Wow, now I can't make images of astronauts without visors because that would be "harmful" to the fictional astronauts. How can I take google seriously?

https://g.co/gemini/share/d4c548b8b715

samstave · 2 years ago
We are going to experience what I call an "AI Funnel effect"

-

I was lit given an alert asking that my use of the AI was acquiescing to them IDng me and use of any content I produce, and will trace it back to me"

---

AI Art is super fun. AI art as a means to track people is super evil.

bbor · 2 years ago
Tbf they’re not optimizing for information recall or “inaccuracy” reduction, they’re optimizing for intuitive understanding of human linguistic structures. Now the “why does a search company’s AI have terrible RAG” question is a separate one, and one best answered by a simple look into how Google organizes its work.

In my first day there as an entry-level dev (after about 8 weeks of onboarding and waiting for access), I was told that I should find stuff to work on and propose it to my boss. That sounds amazing at first, but when you think about a whole company organized like that…
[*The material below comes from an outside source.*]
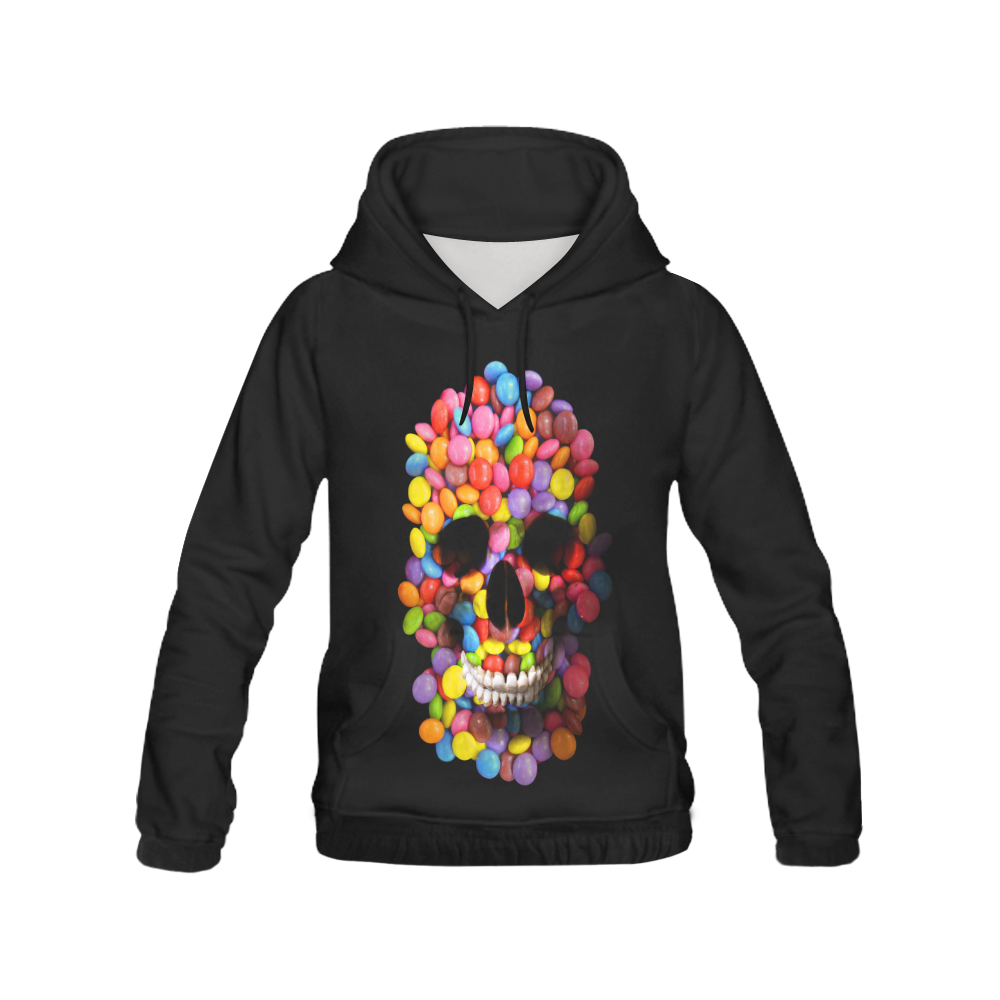 Candy Sugar Skull All Over Print Hoodie for Men (USA Size) (Model H13)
EDIT: To illustrate my point on knowledge recall: how would they train a model to know about sexism in feudal Japan? Like, what would the metric be? I think we’re looking at one of the first steam engines and complaining that it can’t power a plane yet…

ernestrc · 2 years ago
Hopefully they can tweak the default system prompts to be accurate on historical questions, and apply bias on opinions.
verticalscaler · 2 years ago
I think you are being biased and closed minded and overly critical. Here are some wonderful examples of it generating images of historical figures:

https://twitter.com/stillgray/status/1760187341468270686

This will lead to a better educated more fair populace and better future for all.

robswc · 2 years ago
Comical. I don't think parody could do better.

I'm going to assume given today's political climate, it doesn't do the reverse?
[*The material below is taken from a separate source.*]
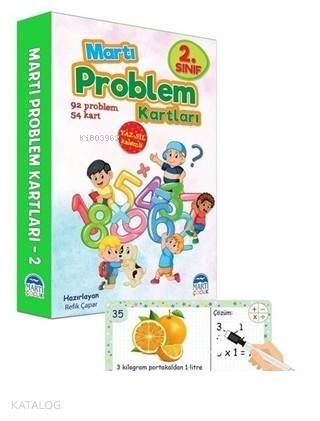 2. Sınıf Problem Kartları - Yaz Sil Kalemli - 1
i.e. generate a Scandinavian if you ask for famous African kings

sho_hn · 2 years ago
Why would you expect these smaller models to do well at knowledge base/Wikipedia replacement tasks?

Small models are for reasoning tasks that are not overly dependent on world knowledge.

robswc · 2 years ago
Gemini is the only one that does this.
smcn · 2 years ago
There are some pretty impressive benchmarks on https://ai.google.dev/gemma. Even the 2b model looks fairly not awful?

I guess my weekend is going to be spent exploring this.